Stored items
BEGIN

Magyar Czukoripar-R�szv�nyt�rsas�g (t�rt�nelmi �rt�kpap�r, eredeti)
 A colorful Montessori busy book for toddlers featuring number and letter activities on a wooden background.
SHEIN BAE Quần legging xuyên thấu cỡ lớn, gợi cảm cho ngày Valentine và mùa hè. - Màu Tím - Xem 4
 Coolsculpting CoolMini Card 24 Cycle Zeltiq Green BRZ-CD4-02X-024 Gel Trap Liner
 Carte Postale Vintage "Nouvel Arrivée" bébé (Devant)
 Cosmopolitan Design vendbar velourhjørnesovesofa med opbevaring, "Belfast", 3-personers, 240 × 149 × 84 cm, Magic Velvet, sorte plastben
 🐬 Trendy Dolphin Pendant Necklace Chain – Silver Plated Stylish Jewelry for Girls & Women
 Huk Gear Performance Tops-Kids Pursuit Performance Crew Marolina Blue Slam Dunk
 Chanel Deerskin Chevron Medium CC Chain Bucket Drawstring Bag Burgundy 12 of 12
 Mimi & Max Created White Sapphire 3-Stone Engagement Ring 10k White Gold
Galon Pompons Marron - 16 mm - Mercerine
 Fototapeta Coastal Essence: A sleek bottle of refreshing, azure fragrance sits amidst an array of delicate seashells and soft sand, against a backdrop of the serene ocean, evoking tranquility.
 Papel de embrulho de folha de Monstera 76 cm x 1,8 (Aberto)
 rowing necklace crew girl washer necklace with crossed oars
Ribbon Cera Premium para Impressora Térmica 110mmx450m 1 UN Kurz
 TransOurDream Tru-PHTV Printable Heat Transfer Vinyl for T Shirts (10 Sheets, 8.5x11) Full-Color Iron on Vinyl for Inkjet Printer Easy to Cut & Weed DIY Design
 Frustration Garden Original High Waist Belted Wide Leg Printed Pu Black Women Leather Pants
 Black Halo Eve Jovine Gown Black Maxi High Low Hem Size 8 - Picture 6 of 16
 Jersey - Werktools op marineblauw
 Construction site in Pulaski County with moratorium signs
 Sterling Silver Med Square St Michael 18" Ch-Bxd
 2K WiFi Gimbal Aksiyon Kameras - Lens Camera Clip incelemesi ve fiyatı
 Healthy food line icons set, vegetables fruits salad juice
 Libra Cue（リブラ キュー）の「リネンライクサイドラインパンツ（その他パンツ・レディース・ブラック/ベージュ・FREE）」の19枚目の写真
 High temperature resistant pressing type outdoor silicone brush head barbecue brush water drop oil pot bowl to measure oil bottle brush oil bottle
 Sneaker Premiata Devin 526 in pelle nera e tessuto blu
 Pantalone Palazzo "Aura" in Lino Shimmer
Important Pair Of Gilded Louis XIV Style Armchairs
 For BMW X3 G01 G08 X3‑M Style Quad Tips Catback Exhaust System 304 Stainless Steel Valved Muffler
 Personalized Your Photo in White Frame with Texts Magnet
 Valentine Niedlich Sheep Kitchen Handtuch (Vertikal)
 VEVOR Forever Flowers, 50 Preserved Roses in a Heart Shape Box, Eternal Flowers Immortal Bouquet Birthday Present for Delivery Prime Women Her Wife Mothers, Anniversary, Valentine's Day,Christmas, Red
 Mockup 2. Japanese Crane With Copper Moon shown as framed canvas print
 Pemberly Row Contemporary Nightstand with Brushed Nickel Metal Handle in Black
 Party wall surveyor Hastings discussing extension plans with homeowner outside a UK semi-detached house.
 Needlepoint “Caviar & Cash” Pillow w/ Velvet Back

END

## What you should do
Return every line above exactly as it stands.

## Answer box
Magyar Czukoripar-R�szv�nyt�rsas�g (t�rt�nelmi �rt�kpap�r, eredeti)
 A colorful Montessori busy book for toddlers featuring number and letter activities on a wooden background.
SHEIN BAE Quần legging xuyên thấu cỡ lớn, gợi cảm cho ngày Valentine và mùa hè. - Màu Tím - Xem 4
 Coolsculpting CoolMini Card 24 Cycle Zeltiq Green BRZ-CD4-02X-024 Gel Trap Liner
 Carte Postale Vintage "Nouvel Arrivée" bébé (Devant)
 Cosmopolitan Design vendbar velourhjørnesovesofa med opbevaring, "Belfast", 3-personers, 240 × 149 × 84 cm, Magic Velvet, sorte plastben
 🐬 Trendy Dolphin Pendant Necklace Chain – Silver Plated Stylish Jewelry for Girls & Women
 Huk Gear Performance Tops-Kids Pursuit Performance Crew Marolina Blue Slam Dunk
 Chanel Deerskin Chevron Medium CC Chain Bucket Drawstring Bag Burgundy 12 of 12
 Mimi & Max Created White Sapphire 3-Stone Engagement Ring 10k White Gold
Galon Pompons Marron - 16 mm - Mercerine
 Fototapeta Coastal Essence: A sleek bottle of refreshing, azure fragrance sits amidst an array of delicate seashells and soft sand, against a backdrop of the serene ocean, evoking tranquility.
 Papel de embrulho de folha de Monstera 76 cm x 1,8 (Aberto)
 rowing necklace crew girl washer necklace with crossed oars
Ribbon Cera Premium para Impressora Térmica 110mmx450m 1 UN Kurz
 TransOurDream Tru-PHTV Printable Heat Transfer Vinyl for T Shirts (10 Sheets, 8.5x11) Full-Color Iron on Vinyl for Inkjet Printer Easy to Cut & Weed DIY Design
 Frustration Garden Original High Waist Belted Wide Leg Printed Pu Black Women Leather Pants
 Black Halo Eve Jovine Gown Black Maxi High Low Hem Size 8 - Picture 6 of 16
 Jersey - Werktools op marineblauw
 Construction site in Pulaski County with moratorium signs
 Sterling Silver Med Square St Michael 18" Ch-Bxd
 2K WiFi Gimbal Aksiyon Kameras - Lens Camera Clip incelemesi ve fiyatı
 Healthy food line icons set, vegetables fruits salad juice
 Libra Cue（リブラ キュー）の「リネンライクサイドラインパンツ（その他パンツ・レディース・ブラック/ベージュ・FREE）」の19枚目の写真
 High temperature resistant pressing type outdoor silicone brush head barbecue brush water drop oil pot bowl to measure oil bottle brush oil bottle
 Sneaker Premiata Devin 526 in pelle nera e tessuto blu
 Pantalone Palazzo "Aura" in Lino Shimmer
Important Pair Of Gilded Louis XIV Style Armchairs
 For BMW X3 G01 G08 X3‑M Style Quad Tips Catback Exhaust System 304 Stainless Steel Valved Muffler
 Personalized Your Photo in White Frame with Texts Magnet
 Valentine Niedlich Sheep Kitchen Handtuch (Vertikal)
 VEVOR Forever Flowers, 50 Preserved Roses in a Heart Shape Box, Eternal Flowers Immortal Bouquet Birthday Present for Delivery Prime Women Her Wife Mothers, Anniversary, Valentine's Day,Christmas, Red
 Mockup 2. Japanese Crane With Copper Moon shown as framed canvas print
 Pemberly Row Contemporary Nightstand with Brushed Nickel Metal Handle in Black
 Party wall surveyor Hastings discussing extension plans with homeowner outside a UK semi-detached house.
 Needlepoint “Caviar & Cash” Pillow w/ Velvet Back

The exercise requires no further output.